Work instructions: Output exactly the lines below, starting with the line that has "Backyard Trail Cam - Rabbit Closeups" and going on through the line that has "gele paprika", both included, and no other lines.

● ● ● ● ●

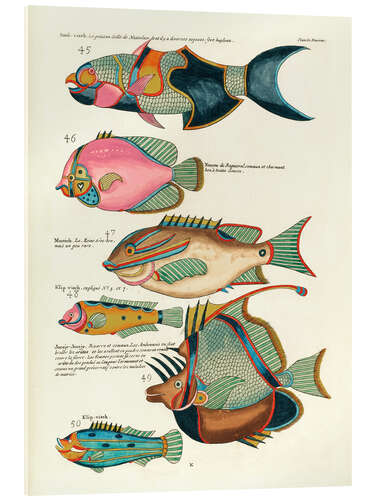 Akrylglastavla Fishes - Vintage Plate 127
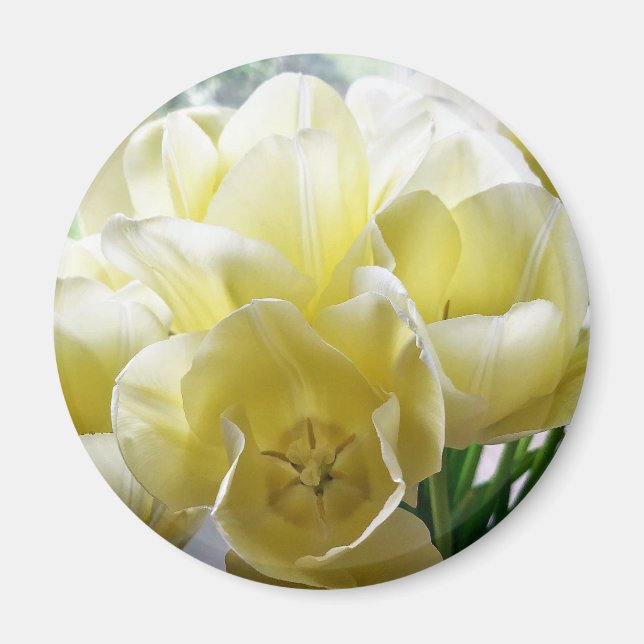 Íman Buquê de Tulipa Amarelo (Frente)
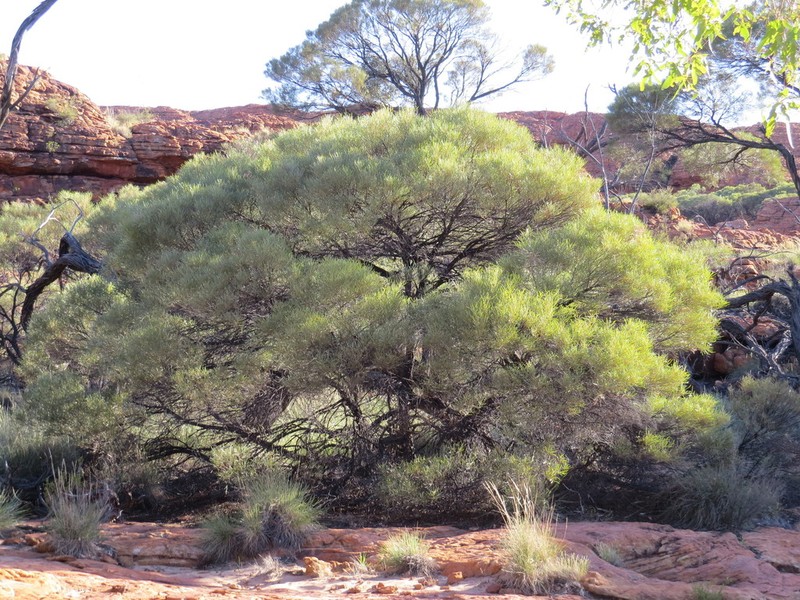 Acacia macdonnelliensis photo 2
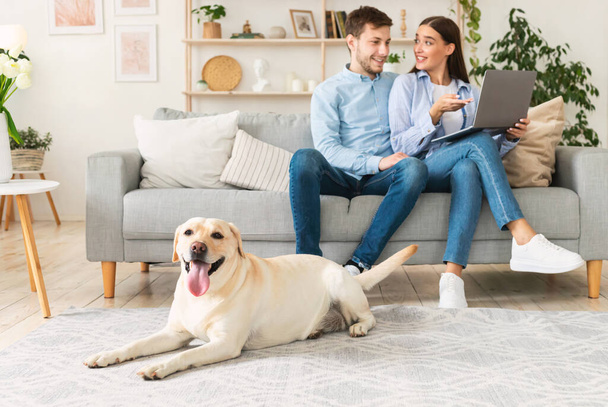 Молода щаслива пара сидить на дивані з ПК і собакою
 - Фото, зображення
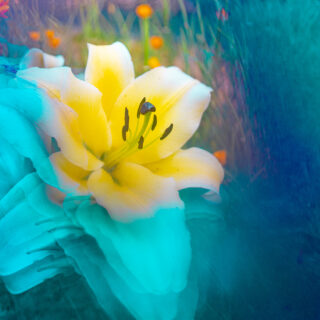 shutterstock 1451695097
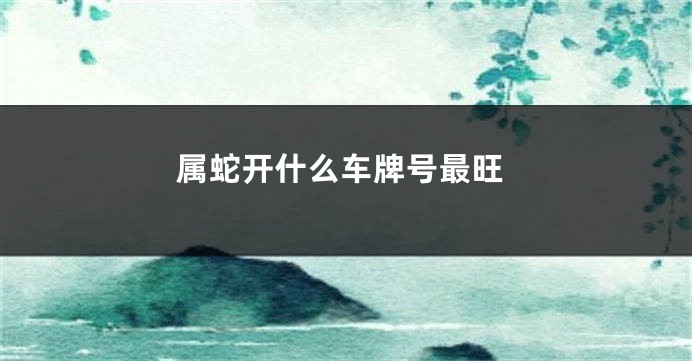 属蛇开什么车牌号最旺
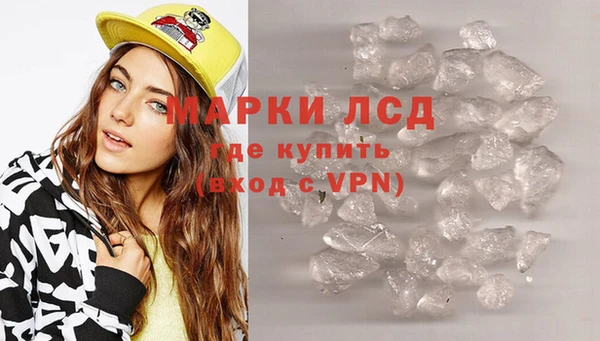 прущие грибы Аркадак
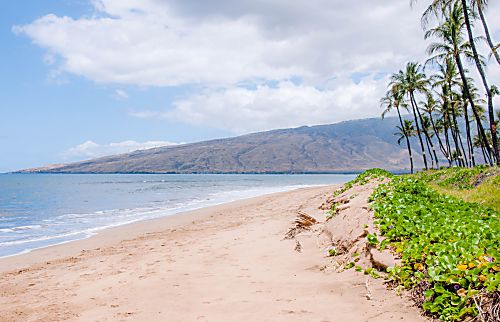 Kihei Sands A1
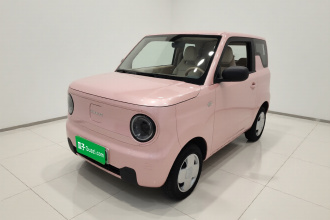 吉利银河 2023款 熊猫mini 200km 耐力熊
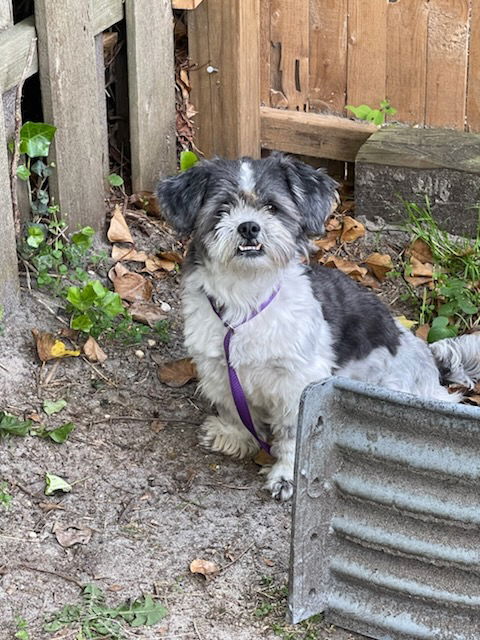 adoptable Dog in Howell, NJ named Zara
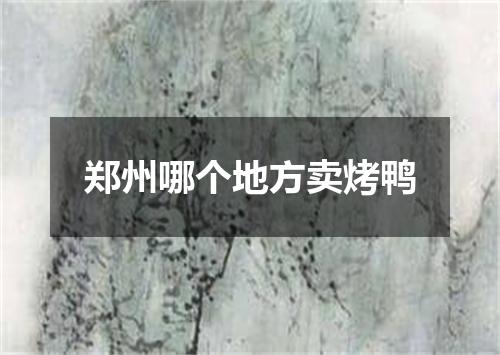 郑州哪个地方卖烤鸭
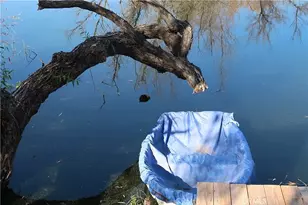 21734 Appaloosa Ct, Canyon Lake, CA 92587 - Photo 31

● ● ● ● ●

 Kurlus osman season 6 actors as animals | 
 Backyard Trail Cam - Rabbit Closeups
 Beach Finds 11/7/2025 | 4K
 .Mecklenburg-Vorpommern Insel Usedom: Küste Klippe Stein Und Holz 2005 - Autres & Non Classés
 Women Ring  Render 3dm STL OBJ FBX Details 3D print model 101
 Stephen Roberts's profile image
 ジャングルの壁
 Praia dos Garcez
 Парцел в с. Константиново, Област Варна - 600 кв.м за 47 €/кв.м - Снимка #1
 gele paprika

● ● ● ● ●

Exercise output:
 Backyard Trail Cam - Rabbit Closeups
 Beach Finds 11/7/2025 | 4K
 .Mecklenburg-Vorpommern Insel Usedom: Küste Klippe Stein Und Holz 2005 - Autres & Non Classés
 Women Ring  Render 3dm STL OBJ FBX Details 3D print model 101
 Stephen Roberts's profile image
 ジャングルの壁
 Praia dos Garcez
 Парцел в с. Константиново, Област Варна - 600 кв.м за 47 €/кв.м - Снимка #1
 gele paprika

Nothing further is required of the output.